WORK INSTRUCTION →
Transcribe the listing below from its opening line up to and including the line that contains "Maison 9 pièces 165 m²"; reproduce nothing else.

EXCERPTED DATA →

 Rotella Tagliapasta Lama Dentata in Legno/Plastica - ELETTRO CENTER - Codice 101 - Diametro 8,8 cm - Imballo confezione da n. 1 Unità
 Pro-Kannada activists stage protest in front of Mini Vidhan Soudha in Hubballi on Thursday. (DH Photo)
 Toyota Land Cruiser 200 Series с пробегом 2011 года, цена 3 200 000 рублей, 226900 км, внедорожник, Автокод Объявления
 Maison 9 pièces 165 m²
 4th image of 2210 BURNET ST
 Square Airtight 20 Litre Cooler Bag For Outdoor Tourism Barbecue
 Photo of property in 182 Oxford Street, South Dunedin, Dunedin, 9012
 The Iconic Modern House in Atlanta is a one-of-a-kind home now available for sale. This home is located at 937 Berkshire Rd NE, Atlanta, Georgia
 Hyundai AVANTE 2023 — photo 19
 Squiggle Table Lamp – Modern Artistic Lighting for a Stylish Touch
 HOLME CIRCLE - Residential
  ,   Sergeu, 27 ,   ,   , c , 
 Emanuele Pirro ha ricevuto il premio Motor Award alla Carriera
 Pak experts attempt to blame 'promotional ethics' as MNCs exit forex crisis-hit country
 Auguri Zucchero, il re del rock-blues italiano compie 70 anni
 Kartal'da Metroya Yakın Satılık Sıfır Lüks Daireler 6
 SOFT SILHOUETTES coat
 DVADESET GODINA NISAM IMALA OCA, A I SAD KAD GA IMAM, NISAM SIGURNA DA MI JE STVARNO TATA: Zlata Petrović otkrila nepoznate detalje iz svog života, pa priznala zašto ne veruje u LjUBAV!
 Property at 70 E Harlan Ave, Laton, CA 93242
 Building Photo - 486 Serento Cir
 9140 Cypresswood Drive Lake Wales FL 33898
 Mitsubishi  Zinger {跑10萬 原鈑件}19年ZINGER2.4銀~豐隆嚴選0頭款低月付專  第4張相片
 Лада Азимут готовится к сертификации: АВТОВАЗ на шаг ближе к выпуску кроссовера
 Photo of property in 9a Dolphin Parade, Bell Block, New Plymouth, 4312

RESULT OF THIS EXERCISE →
 Rotella Tagliapasta Lama Dentata in Legno/Plastica - ELETTRO CENTER - Codice 101 - Diametro 8,8 cm - Imballo confezione da n. 1 Unità
 Pro-Kannada activists stage protest in front of Mini Vidhan Soudha in Hubballi on Thursday. (DH Photo)
 Toyota Land Cruiser 200 Series с пробегом 2011 года, цена 3 200 000 рублей, 226900 км, внедорожник, Автокод Объявления
 Maison 9 pièces 165 m²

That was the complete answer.